Amelie Desrocher, Chris D’Iorio, Alison Lantos, Fola Ogunamkin, Serena Hou, "Unlocking Value: Corporate Tax Deductions and Share-Based Compensation Strategies", Draft 2024 CTF Annual Conference paper

Recharge agreement not required for s. 110(1)(e) deduction (p. 10)

  • The amount of the s. 110(1)(e) deduction is equal to the benefit deemed to have been received by the employee under s. 7(1).
  • Where a foreign parent has issued non-qualified securities to employees of its Canadian subsidiary, the Canadian subsidiary/ employer would be entitled to a deduction under s. 110(1)(e) even in the absence of a recharge of the costs to it.

Avoidance of s. 7(3)(b) through introducing employer discretion (pp. 12, 14)

  • Having regard to 2020-0864831I7 and Transalta, where it was determined that s. 7(3)(b) does not deny the deduction to the Canadian employer where it has discretion as to whether a restricted stock unit (RSU) is settled with shares or cash, it may be desirable to introduce such employer discretion into an incentive plan's terms.
  • By not committing to issue shares to the employees as part of the plan, s.. 7, and thus, s. 7(3)(b), will not apply.
  • However, since there no longer would be protection under s. 7(3)(a) against salary deferral arrangement (SDA) treatment, care should be taken to safeguard against the application of the SDA rules.

S. 7(3)(b) rather than s. 7(1)(b) applicable to cash source-deduction component of net share settlement of RSUs (p. 12)
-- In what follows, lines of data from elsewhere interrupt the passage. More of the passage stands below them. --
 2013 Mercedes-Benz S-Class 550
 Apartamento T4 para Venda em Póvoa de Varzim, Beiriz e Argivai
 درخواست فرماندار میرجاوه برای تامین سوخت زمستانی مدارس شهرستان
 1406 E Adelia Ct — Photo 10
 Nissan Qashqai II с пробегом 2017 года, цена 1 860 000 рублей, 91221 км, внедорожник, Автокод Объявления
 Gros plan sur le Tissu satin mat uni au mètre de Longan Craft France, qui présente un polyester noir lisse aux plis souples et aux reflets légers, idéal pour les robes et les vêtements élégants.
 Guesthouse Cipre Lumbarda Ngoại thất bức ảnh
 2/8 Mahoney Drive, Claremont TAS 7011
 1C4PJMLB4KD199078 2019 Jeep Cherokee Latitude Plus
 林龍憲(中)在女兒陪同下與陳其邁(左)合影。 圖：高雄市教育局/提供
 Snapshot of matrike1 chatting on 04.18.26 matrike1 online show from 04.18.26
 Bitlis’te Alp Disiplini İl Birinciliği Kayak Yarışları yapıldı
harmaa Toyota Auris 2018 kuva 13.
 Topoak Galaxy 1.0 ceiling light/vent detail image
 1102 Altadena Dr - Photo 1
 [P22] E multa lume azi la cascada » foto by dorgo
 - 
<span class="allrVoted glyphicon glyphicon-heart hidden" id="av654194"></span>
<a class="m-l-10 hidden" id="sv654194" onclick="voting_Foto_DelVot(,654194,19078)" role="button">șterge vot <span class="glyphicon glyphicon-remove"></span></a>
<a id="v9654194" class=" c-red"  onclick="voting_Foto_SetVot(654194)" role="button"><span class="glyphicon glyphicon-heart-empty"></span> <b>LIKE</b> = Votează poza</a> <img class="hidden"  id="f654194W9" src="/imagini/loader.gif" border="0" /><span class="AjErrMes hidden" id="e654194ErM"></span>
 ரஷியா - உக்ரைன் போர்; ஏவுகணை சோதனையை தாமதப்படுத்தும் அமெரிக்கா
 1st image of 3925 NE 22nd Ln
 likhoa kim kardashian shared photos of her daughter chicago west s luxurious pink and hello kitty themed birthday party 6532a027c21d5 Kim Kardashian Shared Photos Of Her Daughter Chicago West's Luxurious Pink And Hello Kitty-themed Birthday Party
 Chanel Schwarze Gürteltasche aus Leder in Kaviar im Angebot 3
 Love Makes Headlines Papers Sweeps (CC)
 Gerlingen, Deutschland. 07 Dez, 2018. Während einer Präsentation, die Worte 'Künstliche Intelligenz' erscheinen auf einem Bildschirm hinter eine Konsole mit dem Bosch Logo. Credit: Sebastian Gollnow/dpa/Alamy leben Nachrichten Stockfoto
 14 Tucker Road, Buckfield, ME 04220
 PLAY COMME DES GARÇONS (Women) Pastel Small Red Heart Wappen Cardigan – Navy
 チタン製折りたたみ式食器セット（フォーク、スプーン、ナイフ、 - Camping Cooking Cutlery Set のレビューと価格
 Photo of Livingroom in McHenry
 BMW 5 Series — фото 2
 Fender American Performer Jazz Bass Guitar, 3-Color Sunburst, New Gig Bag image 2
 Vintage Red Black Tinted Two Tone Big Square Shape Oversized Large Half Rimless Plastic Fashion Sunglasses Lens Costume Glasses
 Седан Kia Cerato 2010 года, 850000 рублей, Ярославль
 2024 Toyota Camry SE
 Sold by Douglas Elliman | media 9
  • S. 7 share-settled restricted stock units (RSUs) may provide for a tax withholding mechanism by way of a "net share settlement," i.e., by reducing the number of shares otherwise issuable to satisfy the applicable source deductions (subject to the employee's prior consent to proceed on that basis so as to avoid disqualification under the s. 7 rules).
  • Such reduction in the number of shares issued to the employee would correspond to an employer cash payment to CRA for the source deduction amount.
  • It might have been considered that the share value corresponding to the tax withholding amount was to be treated as cash or quasi-cash resulting effectively from the disposition of rights under s. 7(1)(b) (or (b.1)), so that the corporate tax deduction on such portion would not be prohibited by s. 7(3)(b).
  • However, in 2020-0840681E5, CRA indicated that this scenario would be governed by s. 7(3)(b) rather than there being a disposition of rights under s. 7(1)(b).

S 7(3)(b) precludes deduction for in-bound recharge (p. 19)

  • The payment of recharges (respecting when a subsidiary reimburses its the parent for the cost of stock options or share awards granted by the parent to the subsidiary's employees) is not considered to result in the conferral of a benefit on the parent.
  • In the case of a payment related to a share-based compensation plan, it would generally be treated as non-deductible expenses by virtue of s. 7(3)(b) since, with a deduction, the income of the Canadian taxpayer would be lower than it would have been without the benefit conferred on the employee through the sale or issuance of securities.

S. 7(1)(b.1) was response to Mathieu situation (p.16)

  • S. 7(1)(b.1) was added in 2010 to address situations like Mathieu, so as to ensure that benefits from the disposition of options to a non-arm's length party are recognized as employment income pursuant to s. 7.